Ever since I went all spiritual and zen and stuff a couple of years ago, I haven’t managed to read sufficient fiction. I have been devouring novels that fall under ‘self-help’-a rather pitying label, if you ask me. So I’m gonna say I was reading a lot of NON-FICTION. After I figured out who will cry when I die, and how to get from where I am to where I want to be, I am back to good old fiction. With plots, and characters, and conflict.
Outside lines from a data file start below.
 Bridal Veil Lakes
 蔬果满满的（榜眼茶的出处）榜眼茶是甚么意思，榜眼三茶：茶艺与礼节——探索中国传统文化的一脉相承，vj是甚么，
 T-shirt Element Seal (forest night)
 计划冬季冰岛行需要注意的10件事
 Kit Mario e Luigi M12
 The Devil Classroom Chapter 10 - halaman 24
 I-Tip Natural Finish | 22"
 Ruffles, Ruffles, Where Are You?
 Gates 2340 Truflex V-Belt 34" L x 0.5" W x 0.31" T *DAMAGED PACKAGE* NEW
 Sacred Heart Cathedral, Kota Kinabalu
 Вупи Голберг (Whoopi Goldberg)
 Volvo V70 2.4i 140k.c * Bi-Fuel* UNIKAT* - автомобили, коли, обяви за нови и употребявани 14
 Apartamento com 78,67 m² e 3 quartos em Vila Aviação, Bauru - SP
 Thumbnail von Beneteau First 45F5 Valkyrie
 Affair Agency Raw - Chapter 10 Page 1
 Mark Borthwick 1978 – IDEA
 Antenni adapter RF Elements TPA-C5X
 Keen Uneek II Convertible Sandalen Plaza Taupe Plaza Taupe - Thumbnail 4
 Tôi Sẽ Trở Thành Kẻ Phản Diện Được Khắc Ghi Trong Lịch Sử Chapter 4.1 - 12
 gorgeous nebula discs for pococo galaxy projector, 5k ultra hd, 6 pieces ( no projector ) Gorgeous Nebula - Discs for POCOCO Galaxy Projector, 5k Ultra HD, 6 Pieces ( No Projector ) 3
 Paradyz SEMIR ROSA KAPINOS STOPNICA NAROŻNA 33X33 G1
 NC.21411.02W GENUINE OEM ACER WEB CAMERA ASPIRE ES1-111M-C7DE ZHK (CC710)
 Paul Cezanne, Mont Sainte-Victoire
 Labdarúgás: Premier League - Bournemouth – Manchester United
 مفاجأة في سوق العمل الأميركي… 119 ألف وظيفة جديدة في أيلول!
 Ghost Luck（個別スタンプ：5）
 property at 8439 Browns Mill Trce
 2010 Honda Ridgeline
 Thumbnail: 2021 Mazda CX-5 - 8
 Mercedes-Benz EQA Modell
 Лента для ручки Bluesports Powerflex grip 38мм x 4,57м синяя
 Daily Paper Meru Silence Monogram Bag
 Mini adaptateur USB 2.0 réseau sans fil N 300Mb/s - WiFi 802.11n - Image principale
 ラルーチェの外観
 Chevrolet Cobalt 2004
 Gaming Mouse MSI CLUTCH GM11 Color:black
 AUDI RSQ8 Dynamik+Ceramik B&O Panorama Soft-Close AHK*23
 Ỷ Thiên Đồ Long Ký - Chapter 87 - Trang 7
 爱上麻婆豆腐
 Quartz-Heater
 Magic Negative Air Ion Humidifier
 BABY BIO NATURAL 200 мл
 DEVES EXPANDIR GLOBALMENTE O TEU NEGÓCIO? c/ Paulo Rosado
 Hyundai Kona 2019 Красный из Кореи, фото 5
Here is a recap on some of the fiction novels I’ve recently read.

The Good:

mumbaistan

Mumbaistan by Piyush Jha:

Three novellas come together to form Mumbaistan, each involving plenty of twists and turns that keep you hooked to the plot. The first novella, Bomb Day, sees a prostitute, her lover, and a policeman, playing a deadly game with each other. The stakes are high and nothing is as it seems. In Injectionwala, we are introduced to the malpractices that go on behind the curtain. A policeman chases a vigilante on a killing spree. In Coma Man, a man wakes up from coma after two decades, and sets out in pursuit of his wife-and himself. Mumbai is a character in itself, a sort of catalyst. Fast paced and action packed, this was one book I did not want to be disturbed reading! Jha keeps it crisp and pulls you right in.

Palace of Illusions

The Palace of Illusions by Chitra Banerjee Divakaruni:

Has become one of my all-time favourites. This book is Mahabharata as seen, felt and narrated by Draupadi.. or Panchaali as she liked to be addressed. It doesn’t matter if your grandparents have told you stories from the Mahabharat countless times before. This book will change your perspective completely. Besides, how much would you know about Panchaali anyway? Her character and life is so flat and uni-dimensional in the traditional narration of Mahabharat that you are sure there must be more to her. And there is. A lot, lot more. Her character arc is by far the most superior I have ever read. You will see the main players in the epic mythological tale also differently. Complex, layered and excellently told. Highly recommended.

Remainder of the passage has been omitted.